#### [Supplied data]
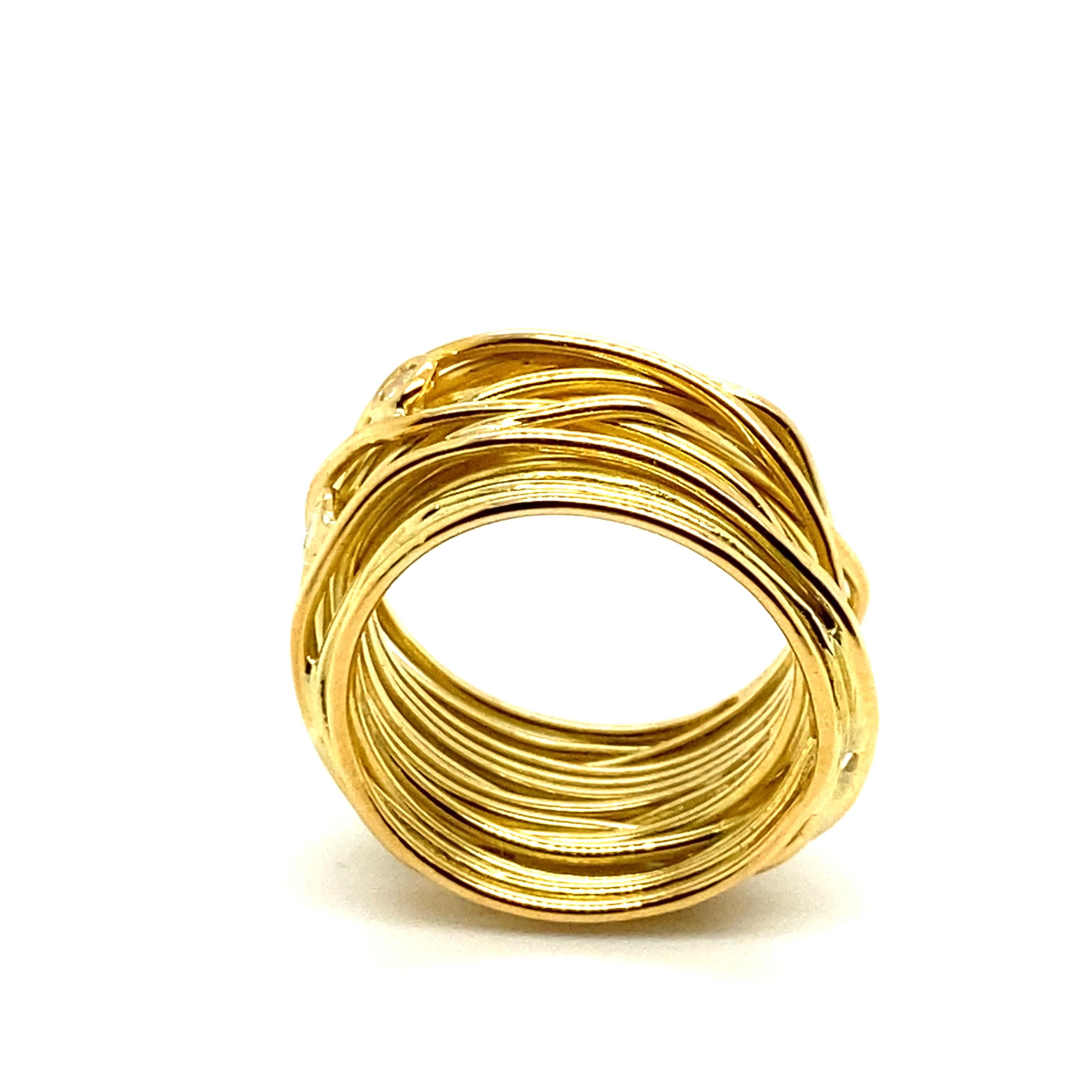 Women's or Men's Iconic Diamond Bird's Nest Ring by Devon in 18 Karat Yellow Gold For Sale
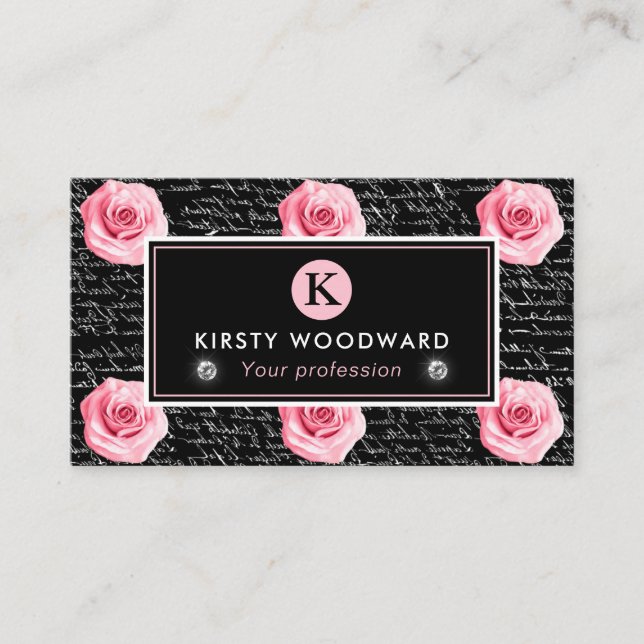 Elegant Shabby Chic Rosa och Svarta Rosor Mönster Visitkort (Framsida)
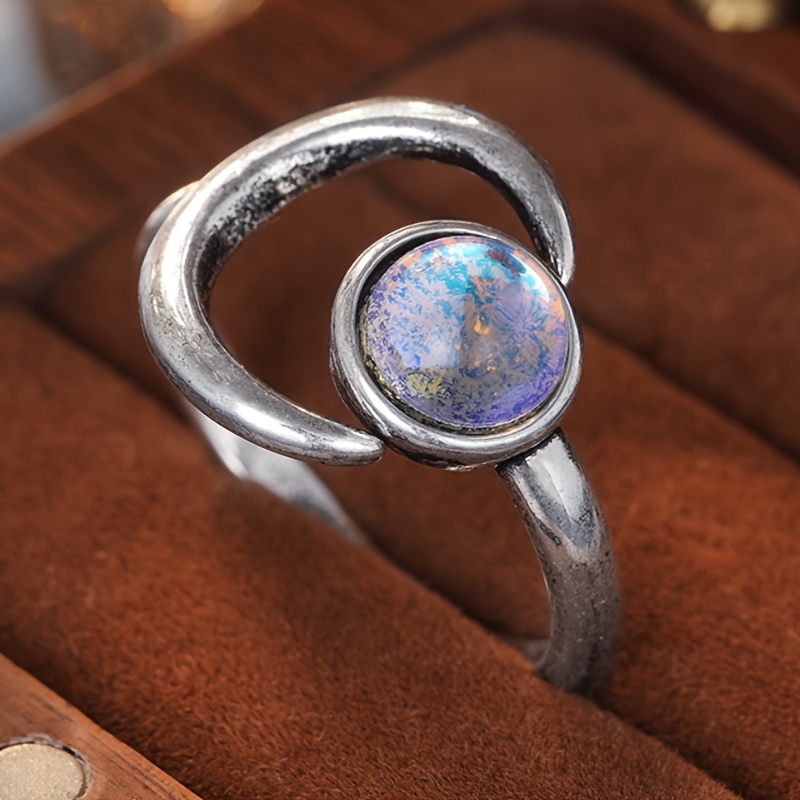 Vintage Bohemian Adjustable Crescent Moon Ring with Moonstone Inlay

#### [Exercise goal]
Without including any picture, set down every line above exactly as it stands.

#### [Answer]
 Women's or Men's Iconic Diamond Bird's Nest Ring by Devon in 18 Karat Yellow Gold For Sale
 Elegant Shabby Chic Rosa och Svarta Rosor Mönster Visitkort (Framsida)
 Vintage Bohemian Adjustable Crescent Moon Ring with Moonstone Inlay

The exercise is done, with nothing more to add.